An empty bar between straight capped honey works. An empty bar between straight brood combs works and as the brood nest expands in the middle the outer edges will get filled with honey. I try to have most of the new comb being drawn where I want it (between straight capped honey or between straight brood combs) whenever I am in the hive.


----------



## Buzzlightyear (Dec 4, 2013)

Nice, I'm not against using some foundation to help in the beginning. Too late for this one, maybe in the future.


----------



## ckoester (May 22, 2014)

It's interesting how varied the advice is regarding comb guides. There are people claiming great results with each of the popular comb guides (Triangular, square, and foundation strips).

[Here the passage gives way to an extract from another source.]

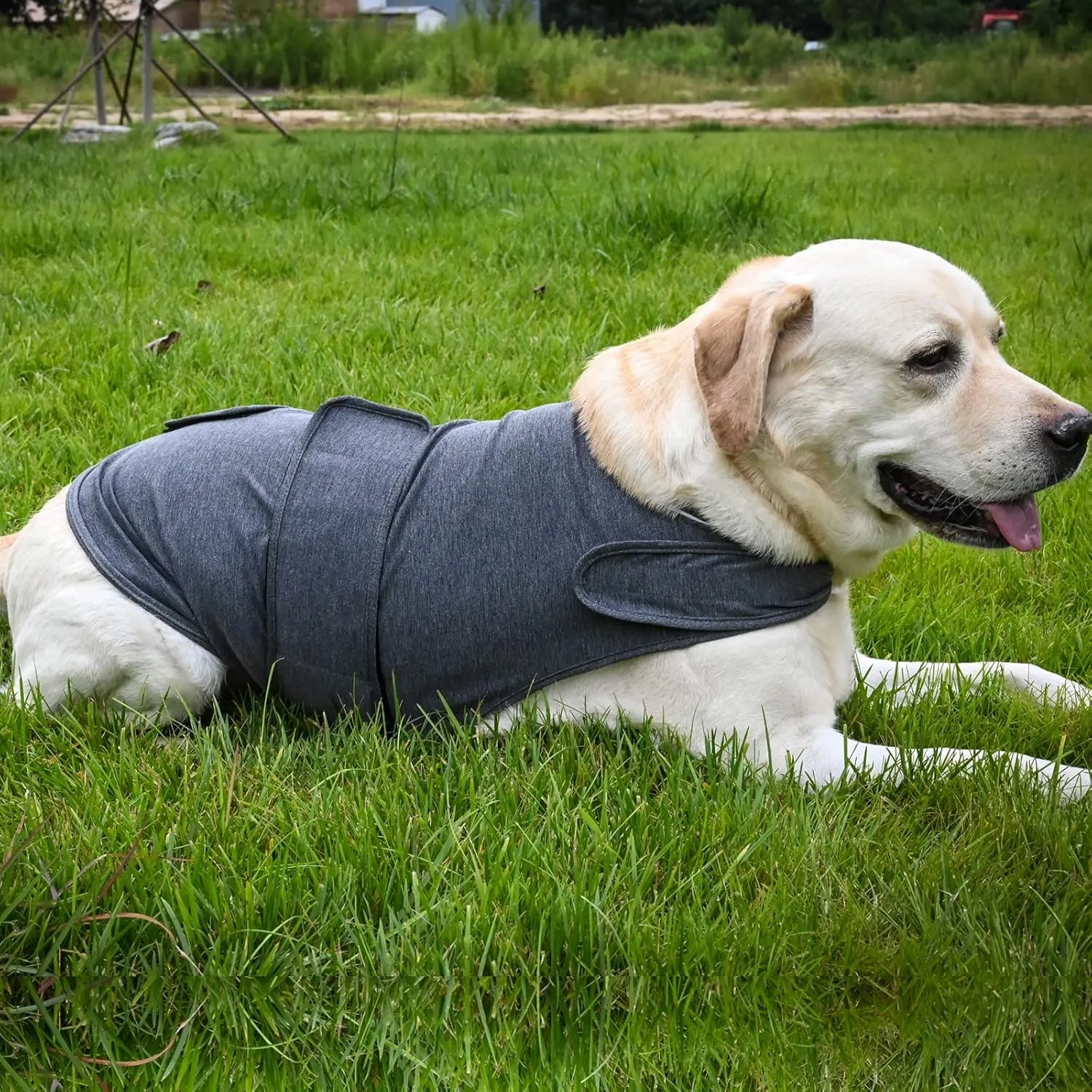 Dog Anxiety Jacket, Skin-Friendly Calming Shirt for Dogs- Dog Coat for Thunder, Fireworks and Separation - Keep Pet Calm Without Medicine & Training, Anti Anxiety Vest for Dogs (Light Grey, XL)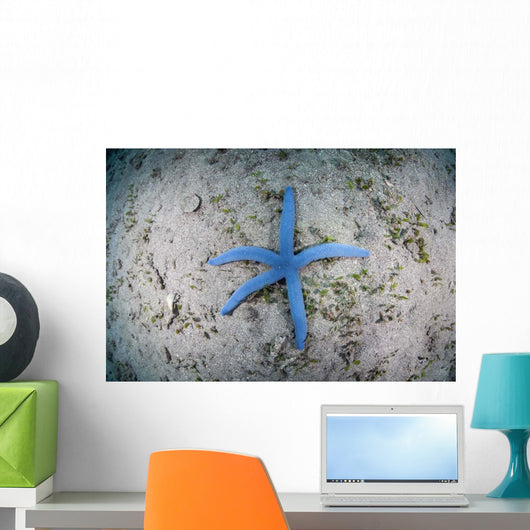 Blue Starfish Sandy Seafloor Wall Decal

I have had great results with a triangular guide in my first top bar hive, but those bars are a major hassle to cut on a table saw. I may try a square wooden spline as a guide in my next hive, as the bars should be far easier to make. The drawing below shows what it looks like, and comes from "Drawings for a Proposed Standard Top Bar" by TJ Carr and John Bradford.


----------



## cerezha (Oct 11, 2011)

I am 100% foundationless, but I am using Lang dimensions for my boxes. I tried all kind of "guides" for the comb. All of them sometimes work perfectly and sometime fail. After a few years in foundationless "business" I come to conclusion that my bees can learn how to build straight comb. Once they learned - they do straight comb without any guide. Moreover - they teach other bees how to do so - all my hives (not many) do straight comb in most cases. Sometime, bees are in "creative" mood - than you may see many different ways of comb-creativity!


----------



## Needo (Sep 10, 2013)

My bars are a little over 23 inches long (inside the hive). I have a 9 inch slit on the side of my hives near the end. I designated this end as the front. Whenever I add frames, I add the new frames near the front. So far it has worked for me. But, I have yet to see the bees make it through their first winter. That will be the real test.


----------



## mhorowit (Sep 25, 2011)

mala54 said:


> My bees seem to build brood comb straight. One comb per bar. But the honey combs are almost always crossed and connected. I've tried spacers and wider bars, but neither worked. So I let them build however they want, and when I harvest capped honey I separate the comb with a knife. The bees clean up any comb and honey that falls to the bottom of the hive.


How do you seperate the bees from the comb after it collapsed and everything is covered in honey? - Mike


----------



## shannonswyatt (May 7, 2012)

I think that what Mala54 is saying that when harvesting he (or she) cuts the comb from that bar and puts it in a bucket or what not by cutting at the end of the combs or by sliding multiple bars. I wouldn't think they mean to cut it and have it all fall into the hive. Just my guess.


----------



## cerezha (Oct 11, 2011)

mhorowit said:


> How do you seperate the bees from the comb after it collapsed and everything is covered in honey? - Mike


It is difficult task! My setup is TBs in Lang-style hives. I always feel sorry for the bees stuck in the honey. So, basically, I just grab and remove from the hive as much as I can and bees clean up the rest. Little smoke can help. I have a special plastic container with lid for collected honeycomb. In my situation, I never had more than one comb collapsed and it is usually hold by surrounding combs - I just carefully cut it from the walls and bottom (sometime), create space enough for my hands and try to grab the whole thing - move it quickly into container and close the lid! If there are any pieces bigger than 1" - I quickly collect them also. If this approach is impossible (too much crosscomb), I just collect the whole box - the advantage of having TBs in Lang boxes. In my long hive, my honey TBs have short "sides" - it completely eliminated any comb-removing problems. For unknown to me reason, but I really have no problems with moving combs in the long-hive. Occasionally, I do have some cross-comb issues in vertical (TBs) Land-style hives - mainly because of my negligence.

At night, I open container with collected honeycomb and rescue bees - I do not know if they survived, but I feel less "serial killer."


----------